**** DATA

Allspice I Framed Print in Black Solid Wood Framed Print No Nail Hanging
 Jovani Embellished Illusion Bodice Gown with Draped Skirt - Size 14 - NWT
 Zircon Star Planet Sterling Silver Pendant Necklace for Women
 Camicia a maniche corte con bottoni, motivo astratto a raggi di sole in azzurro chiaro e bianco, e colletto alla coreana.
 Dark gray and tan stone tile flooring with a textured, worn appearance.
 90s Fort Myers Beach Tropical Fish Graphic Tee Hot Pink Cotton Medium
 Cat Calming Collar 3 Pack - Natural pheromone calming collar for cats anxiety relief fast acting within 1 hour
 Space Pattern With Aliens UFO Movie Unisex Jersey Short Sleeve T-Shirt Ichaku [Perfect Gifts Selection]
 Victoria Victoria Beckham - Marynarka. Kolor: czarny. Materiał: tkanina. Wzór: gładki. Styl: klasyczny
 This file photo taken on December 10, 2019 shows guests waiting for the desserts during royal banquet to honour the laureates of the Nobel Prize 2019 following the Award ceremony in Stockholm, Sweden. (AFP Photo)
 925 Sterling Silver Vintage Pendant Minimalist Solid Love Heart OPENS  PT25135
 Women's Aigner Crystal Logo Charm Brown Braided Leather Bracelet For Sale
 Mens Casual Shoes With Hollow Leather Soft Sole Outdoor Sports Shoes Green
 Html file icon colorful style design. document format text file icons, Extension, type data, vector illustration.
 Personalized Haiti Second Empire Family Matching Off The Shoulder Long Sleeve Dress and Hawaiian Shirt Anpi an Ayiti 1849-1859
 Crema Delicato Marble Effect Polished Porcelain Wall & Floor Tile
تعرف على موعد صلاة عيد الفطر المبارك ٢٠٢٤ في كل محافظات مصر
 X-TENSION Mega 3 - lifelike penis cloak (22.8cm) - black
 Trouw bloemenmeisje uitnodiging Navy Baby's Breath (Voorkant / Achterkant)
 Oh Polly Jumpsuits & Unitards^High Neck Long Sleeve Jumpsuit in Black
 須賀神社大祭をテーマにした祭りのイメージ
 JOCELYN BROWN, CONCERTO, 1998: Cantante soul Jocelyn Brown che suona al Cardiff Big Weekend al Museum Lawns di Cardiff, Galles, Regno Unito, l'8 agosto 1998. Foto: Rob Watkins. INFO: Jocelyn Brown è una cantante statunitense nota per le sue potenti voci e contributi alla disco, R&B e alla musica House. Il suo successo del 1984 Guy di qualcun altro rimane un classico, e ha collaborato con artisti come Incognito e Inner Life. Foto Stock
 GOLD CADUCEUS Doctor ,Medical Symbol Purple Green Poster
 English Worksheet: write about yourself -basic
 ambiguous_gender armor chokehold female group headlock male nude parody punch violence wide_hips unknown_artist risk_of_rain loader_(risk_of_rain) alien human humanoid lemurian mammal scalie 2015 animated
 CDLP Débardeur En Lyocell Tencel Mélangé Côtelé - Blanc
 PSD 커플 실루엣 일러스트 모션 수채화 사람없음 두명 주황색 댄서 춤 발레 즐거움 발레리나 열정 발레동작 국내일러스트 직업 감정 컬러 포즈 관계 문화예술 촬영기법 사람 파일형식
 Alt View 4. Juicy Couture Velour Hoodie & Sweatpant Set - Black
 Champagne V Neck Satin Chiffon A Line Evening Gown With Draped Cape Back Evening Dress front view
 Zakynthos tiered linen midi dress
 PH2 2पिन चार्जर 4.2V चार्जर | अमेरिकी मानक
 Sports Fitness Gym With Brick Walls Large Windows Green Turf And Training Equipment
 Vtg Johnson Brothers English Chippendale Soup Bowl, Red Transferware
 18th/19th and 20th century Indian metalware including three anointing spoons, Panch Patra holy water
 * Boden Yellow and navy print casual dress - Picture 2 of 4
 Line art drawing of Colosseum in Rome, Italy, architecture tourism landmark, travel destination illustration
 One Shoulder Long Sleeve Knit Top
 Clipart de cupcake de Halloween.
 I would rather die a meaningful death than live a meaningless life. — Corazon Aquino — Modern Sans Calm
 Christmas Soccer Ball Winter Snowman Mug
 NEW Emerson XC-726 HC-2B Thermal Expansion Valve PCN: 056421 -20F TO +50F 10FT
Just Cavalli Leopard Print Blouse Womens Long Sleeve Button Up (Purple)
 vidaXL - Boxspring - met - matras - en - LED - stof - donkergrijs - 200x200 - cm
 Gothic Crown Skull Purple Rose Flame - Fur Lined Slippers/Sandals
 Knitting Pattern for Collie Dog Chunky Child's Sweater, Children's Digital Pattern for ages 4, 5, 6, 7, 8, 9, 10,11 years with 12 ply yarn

********

- [DIRECTIONS FOR THIS TASK]: Considering the entries above, how many lines contain "Shirt"? Give that number with nothing else.

- [ANSWER BOX]: 2